RECORD EXCERPTS:

────────────────

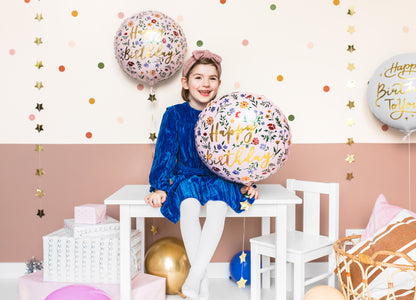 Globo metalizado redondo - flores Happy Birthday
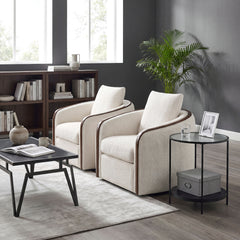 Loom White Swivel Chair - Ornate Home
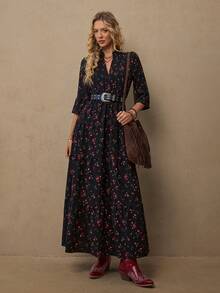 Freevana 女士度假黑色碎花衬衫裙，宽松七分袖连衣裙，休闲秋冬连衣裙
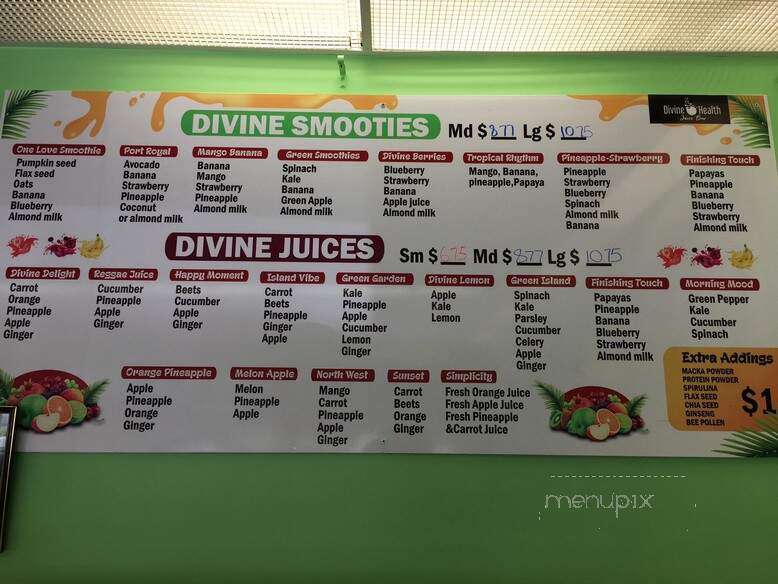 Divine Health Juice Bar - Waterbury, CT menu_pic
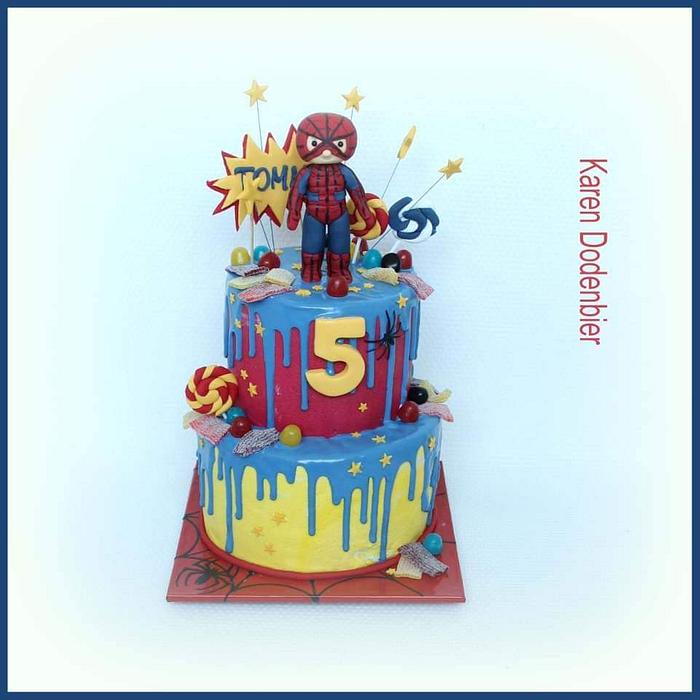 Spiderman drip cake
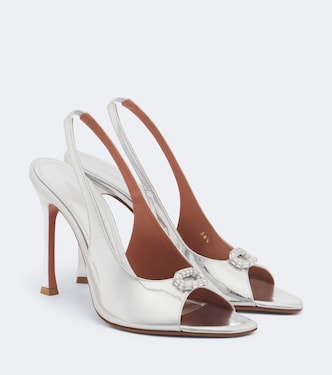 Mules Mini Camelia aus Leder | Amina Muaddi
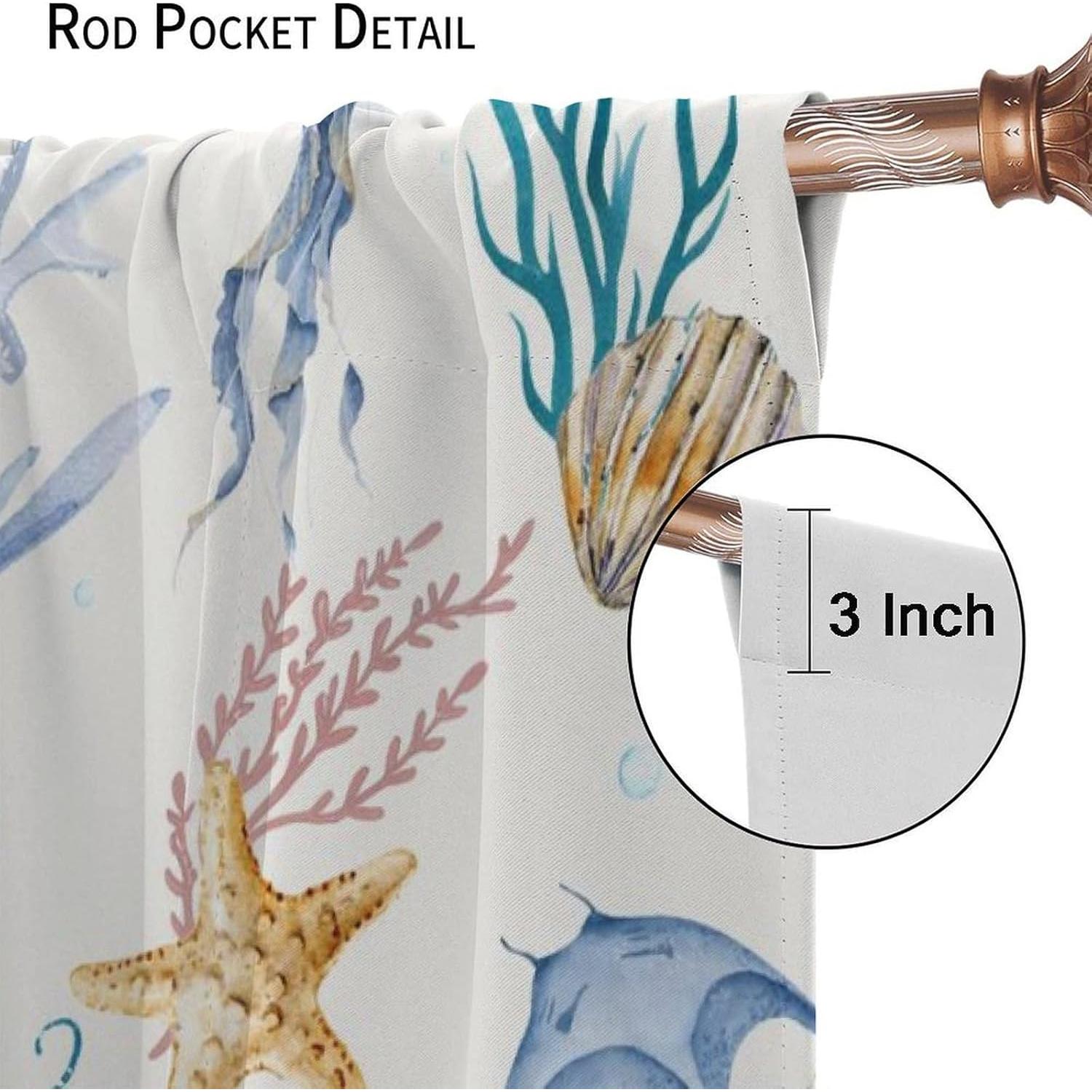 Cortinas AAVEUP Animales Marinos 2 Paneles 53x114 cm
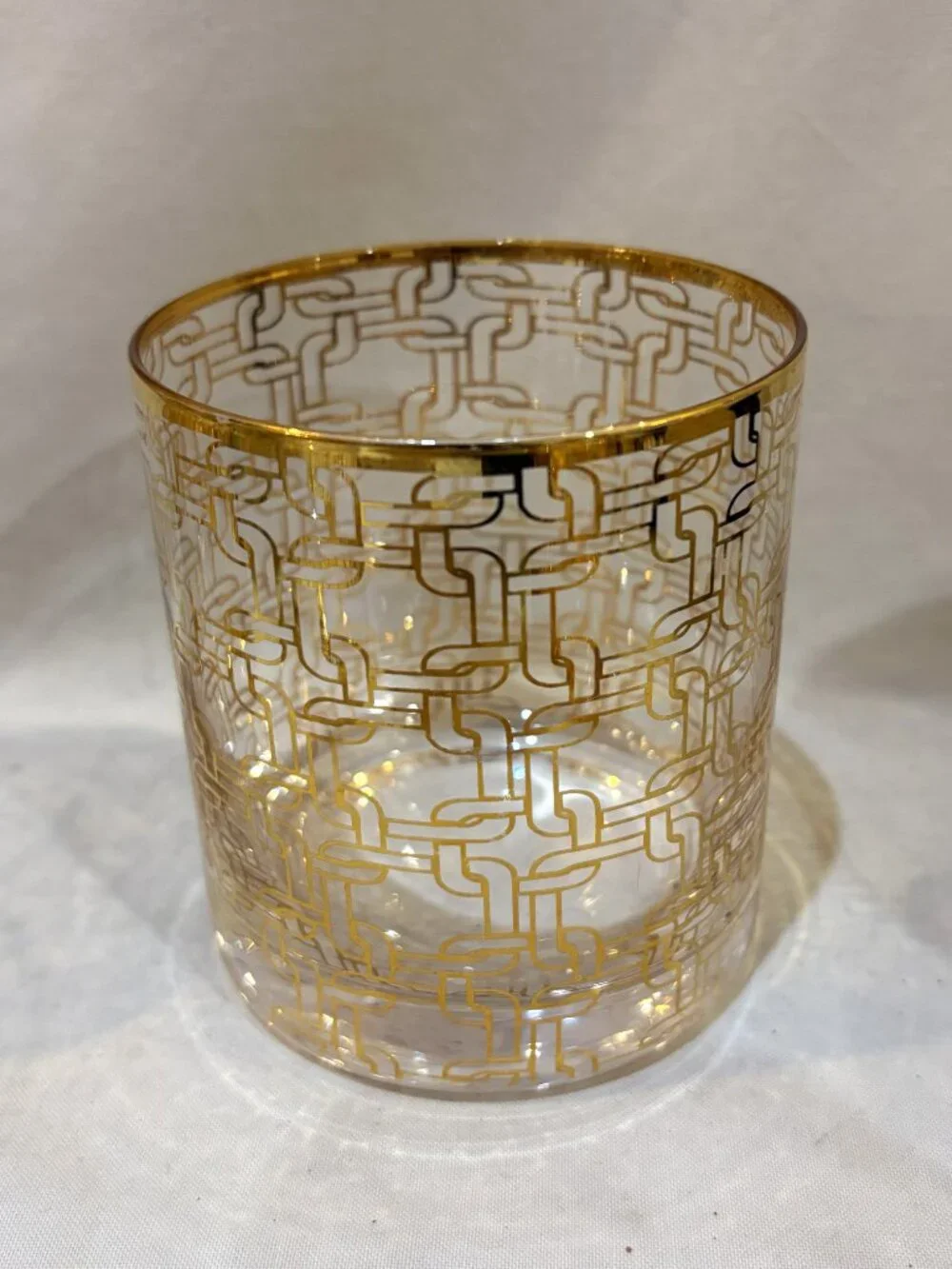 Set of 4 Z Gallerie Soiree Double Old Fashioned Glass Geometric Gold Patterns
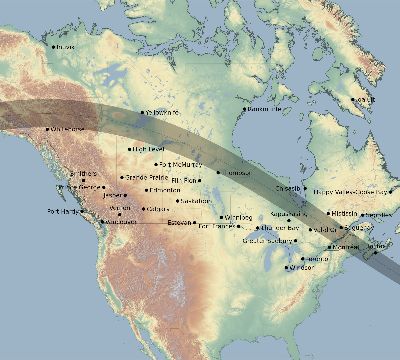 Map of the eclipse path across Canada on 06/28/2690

────────────────

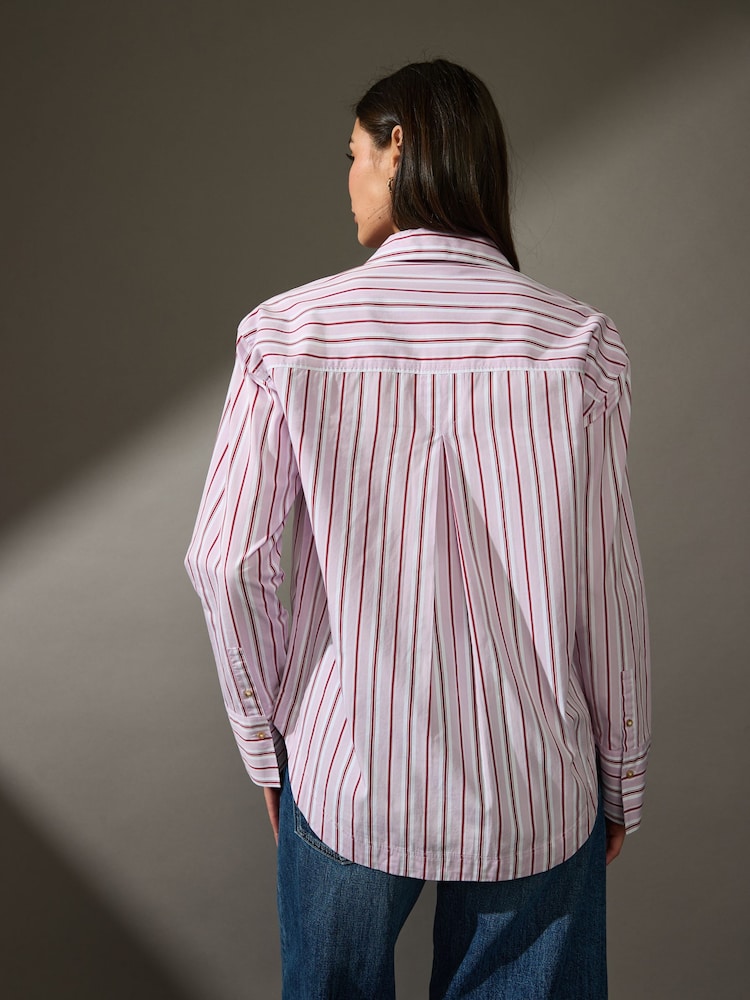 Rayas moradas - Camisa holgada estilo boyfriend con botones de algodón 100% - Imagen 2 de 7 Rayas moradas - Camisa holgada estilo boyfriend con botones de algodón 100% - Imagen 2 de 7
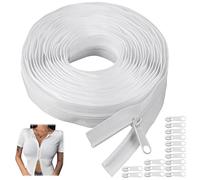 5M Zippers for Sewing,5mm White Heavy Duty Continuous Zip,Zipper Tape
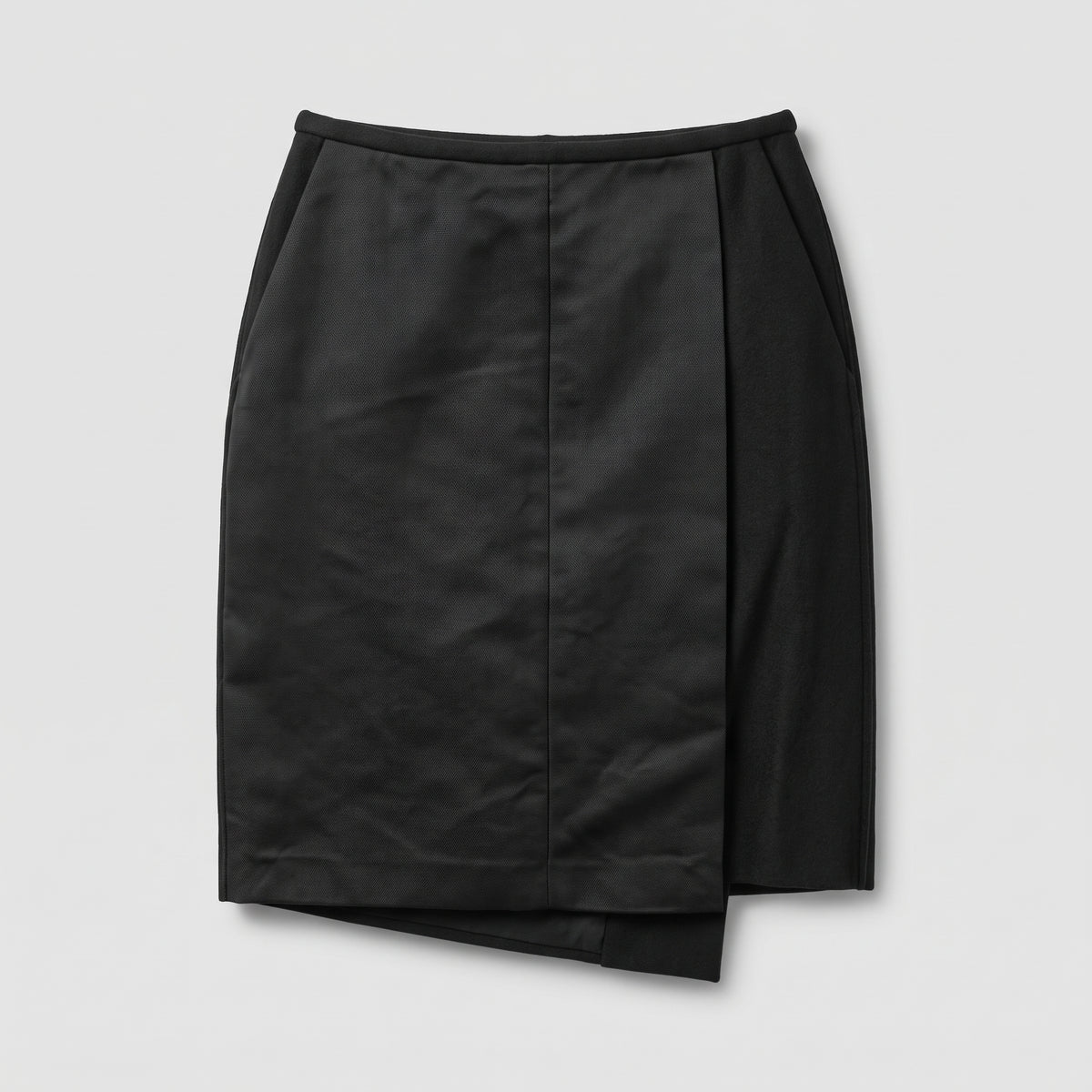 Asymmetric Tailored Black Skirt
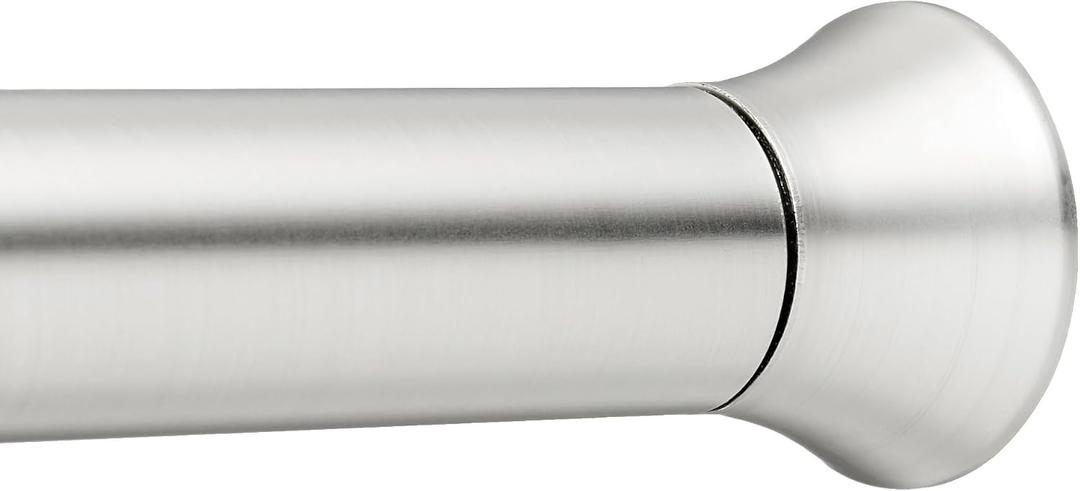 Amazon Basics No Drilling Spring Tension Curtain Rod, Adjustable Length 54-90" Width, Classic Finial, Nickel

────────────────

DIRECTIONS FOR THIS TASK: Within the listing above, the lines from the one with "7 Rayas moradas" through the one with "Amazon Basics No" are to be given again word for word. Do not include pictures.

THE COMPLETED TASK:
 Rayas moradas - Camisa holgada estilo boyfriend con botones de algodón 100% - Imagen 2 de 7 Rayas moradas - Camisa holgada estilo boyfriend con botones de algodón 100% - Imagen 2 de 7
 5M Zippers for Sewing,5mm White Heavy Duty Continuous Zip,Zipper Tape
 Asymmetric Tailored Black Skirt
 Amazon Basics No Drilling Spring Tension Curtain Rod, Adjustable Length 54-90" Width, Classic Finial, Nickel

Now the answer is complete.